Storing the results of Web Scraping into Database

Tags:

I have written a code for web scraping using python. The code extracts data of Macbook from amazon using selenium. Now I want to store these values in a Excel or MySql. There are various html/css class in a particular product row and one parent class which includes all the parameters of the product. To be Precise the code is:

Click to copy

from selenium import webdriver
from selenium.webdriver.common.by import By
from selenium.webdriver.support.ui import WebDriverWait
from selenium.webdriver.support import expected_conditions as EC
from selenium.common.exceptions import TimeoutException
import xlwt 
from xlwt import Workbook 
option = webdriver.ChromeOptions()
option.add_argument("--incognito")
browser = webdriver.Chrome(executable_path='/home/mukesh/Desktop/backup/Programminghub/whatsapp_python_scripts/chromedriver_linux64/chromedriver', chrome_options=option)
# go to website of interest
browser.get("https://www.amazon.in/s/ref=nb_sb_noss_2?url=search-alias%3Daps&field-keywords=macbook")
# wait up to 10 seconds for page to load
timeout = 10
try:
    WebDriverWait(browser, timeout).until(EC.visibility_of_element_located((By.XPATH, "//img[@class='s-access-image cfMarker']")))
except TimeoutException:
    print("Timed out waiting for page to load")
    browser.quit()

titles_element = browser.find_elements_by_xpath("//div[@class='s-item-container']")
titles = []
for x in titles_element:
    value=x.text
    value=value.encode('ascii', 'ignore')
    titles.append(value)
print(titles)

Now the output that I get is highly unstructured and contains some parameters which are there only on certain products. For instance the Parameter: "Maximum Resolution" or "CPU model manufacture" are present only on certain laptops and not on all.I don't want such parameters.I want only these parameters: Product name(Title of the row), Price,Operating System,Cpu model family,computer memory size and display size which are present on all the laptops. I am unable to split the titles list in these sub list. I tried a foolish approach as well where I was able to split the products by accessing the individual classes of every parameters but then it didn't match up to correct values. Price of some other laptop was shown on some other plus sponsored ads caused problems in it. Link of website:Amazon Macbook Scraping I just want these parameters either in my list or excel or Mysql database : Product name(Title of the row), Price,Operating System,Cpu model family,computer memory size and display size(6 columns)

976

asked Sep 29 '18 19:09

mozilla-firefox

1 Answers

Well, you have 2 different problems here as I see it:

Fetching all the details you want for every item and putting them into a data structure.
Saving that data with a DB or an Excel file (CSV for example).

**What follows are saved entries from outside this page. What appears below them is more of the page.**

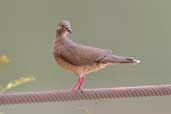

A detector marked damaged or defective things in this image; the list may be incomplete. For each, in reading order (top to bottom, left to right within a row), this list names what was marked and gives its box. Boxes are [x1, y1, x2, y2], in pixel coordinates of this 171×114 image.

rusty red rope [0, 84, 170, 105] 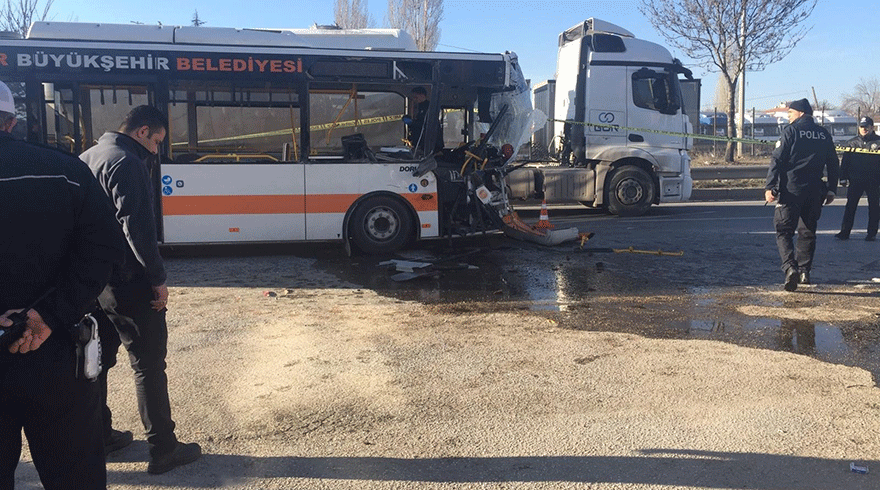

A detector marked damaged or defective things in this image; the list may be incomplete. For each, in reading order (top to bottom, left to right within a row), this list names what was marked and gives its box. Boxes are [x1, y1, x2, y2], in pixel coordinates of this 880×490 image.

damaged city bus [1, 21, 544, 255] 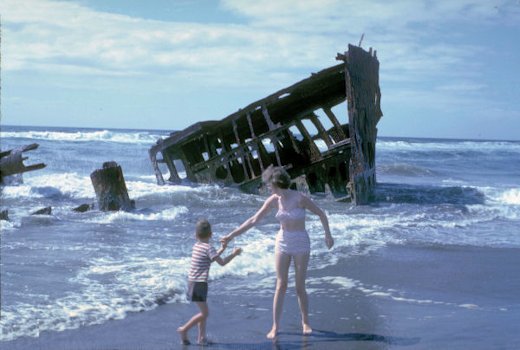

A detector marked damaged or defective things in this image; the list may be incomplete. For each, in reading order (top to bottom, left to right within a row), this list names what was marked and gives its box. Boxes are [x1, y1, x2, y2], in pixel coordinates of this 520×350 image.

rusty metal hull [148, 44, 380, 202] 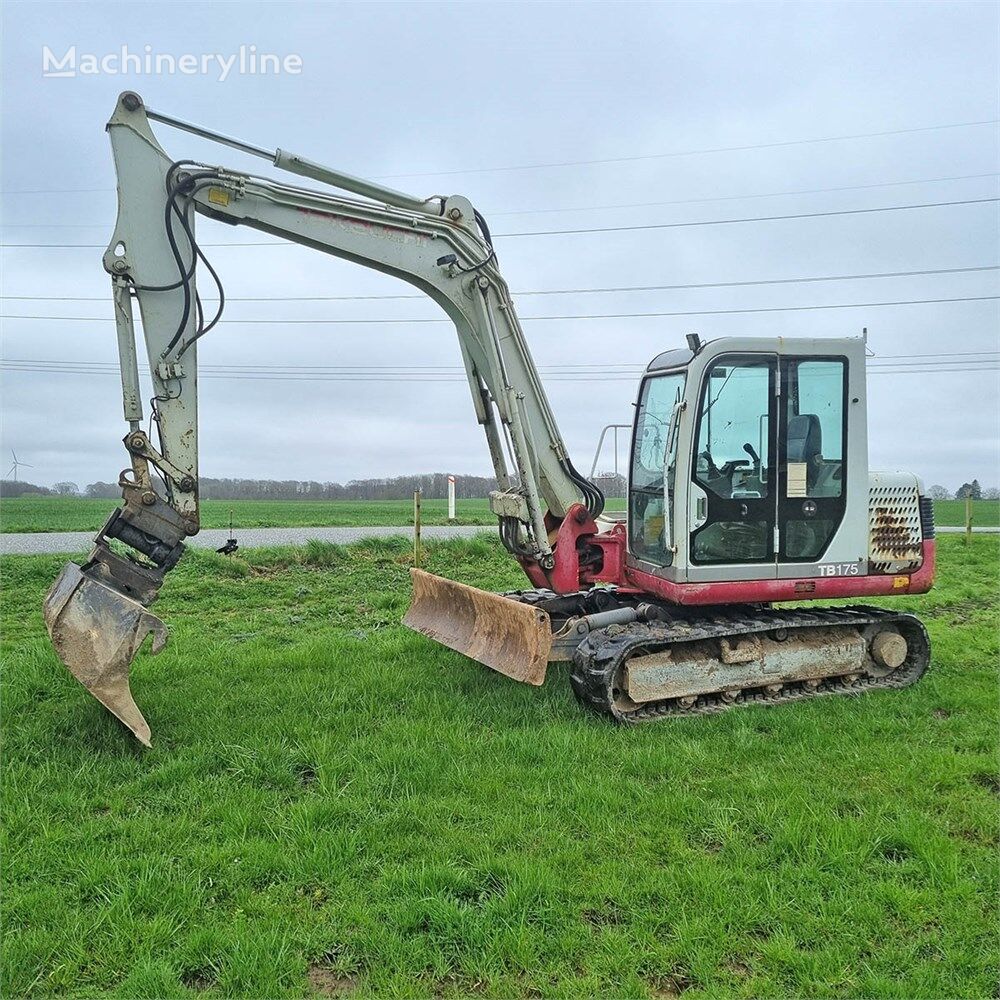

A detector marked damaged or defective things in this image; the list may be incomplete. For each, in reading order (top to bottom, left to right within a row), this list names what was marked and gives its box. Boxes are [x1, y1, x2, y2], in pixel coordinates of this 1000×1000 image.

rusty metal panel [868, 474, 920, 572]
rusty metal panel [402, 572, 552, 688]
rusty metal panel [628, 624, 864, 704]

So Let's assume all your Interested to get about a product is it's name and price (just for the matter of explaining), we'll create a simple class called Product:

Click to copy

class Product(object):
    def __init__(self, name, price):
        self.name = name
        self.price = price

And then, for every item you find, we will get it's price and name, and create an instance of product:

Click to copy

titles_element = browser.find_elements_by_xpath("//div[@class='s-item-container']")
products = []
for x in titles_element:
    try:
        name = x.find_element_by_class_name("s-access-title").text
        price = x.find_element_by_class_name("s-price").text
        products.append(Product(name, price))
    except WebDriverException:
        pass

You can, of course, get any other data that you are interested at getting using the right CSS/Xpath selector or even Regular expressions.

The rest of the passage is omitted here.